I’ve been using this https://www.amazon.com/gp/product/B00YTCZZF0 which is GE Z-Wave Smart Switch for Large Appliances, 40 Amp, Direct-Wire, Indoor/Outdoor. Using it for a window AC unit, and it is great at turning the unit on and off, and giving power usage. It would be pretty easy to wire for a washer or dryer. Able to do 120 or 240 depending on how you wire it.


(John) #17

For the washer, I’m using a smart plug, and CoRE set when power drops below a certain point to notify me. Works flawlessly. For the Dryer, I’m using a Multipurpose Sensor and CoRE to detect both vibration and temperature. Vibration alone wasn’t as reliable because sometimes the sensor would go “inactive” for a minute a few times during the cycle. But with the temp and vibration both it is probably about 95% reliable.


#18

I have a Wemo Insight Switch. It’s supposed to notify me when the cycle is done and the power consumption drops below an adjustable set point. It works about once in every 100 washes :confused:


#19

@RobinWinbourne, I was going to buy the Samsung “Smart” Washer too, but the reviews I read about the practicality of it were kind of horrible. The cycle monitoring was the most used feature (when users could actually get their phones synced properly).
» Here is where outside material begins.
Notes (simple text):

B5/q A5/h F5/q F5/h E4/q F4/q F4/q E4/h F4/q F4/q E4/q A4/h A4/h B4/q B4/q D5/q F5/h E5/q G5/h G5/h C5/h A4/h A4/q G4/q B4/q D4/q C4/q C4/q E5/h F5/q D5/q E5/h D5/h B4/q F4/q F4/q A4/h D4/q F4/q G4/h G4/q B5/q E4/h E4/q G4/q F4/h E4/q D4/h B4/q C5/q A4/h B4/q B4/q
I decided to save a couple hundred bucks and just get a “dumb” washer.

It’s a Christmas surprise for the wife that arrives this Monday, so, I think I’m going for the metered power solution.
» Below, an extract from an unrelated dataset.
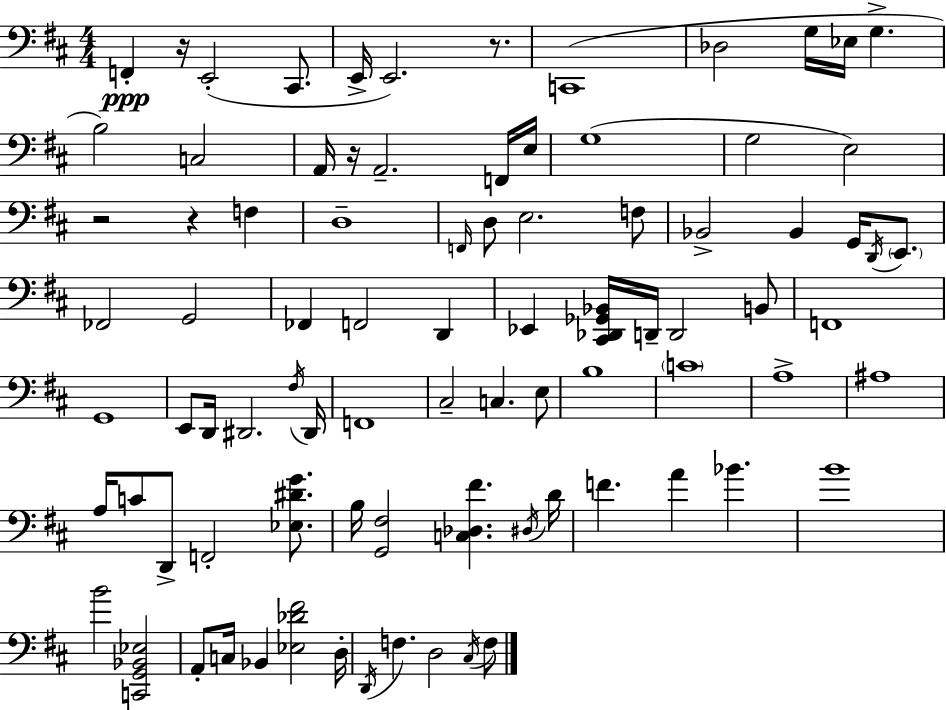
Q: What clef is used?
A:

Others have noted that Multi-Sensors don’t really perform well in modern washer/dryer “on” state monitoring, which is why the power meter solution was presented.


#20

It may be possible to use one of these instead. The clamps wrap around the wires of your dryer and sense the wattage flowing through. I don’t know the specifics, but I linked another thread that briefly mentioned it. Maybe @Mike_Maxwell can chime in on this.
http://www.zwaveproducts.com/shop/climate-control/z-wave-energy-management/z-wave-smart-energy-meter


(Marc) #21

Aeon Power Meter. Can’t go wrong with these CoRE pistons. I tried the Multisensor and way too false positives.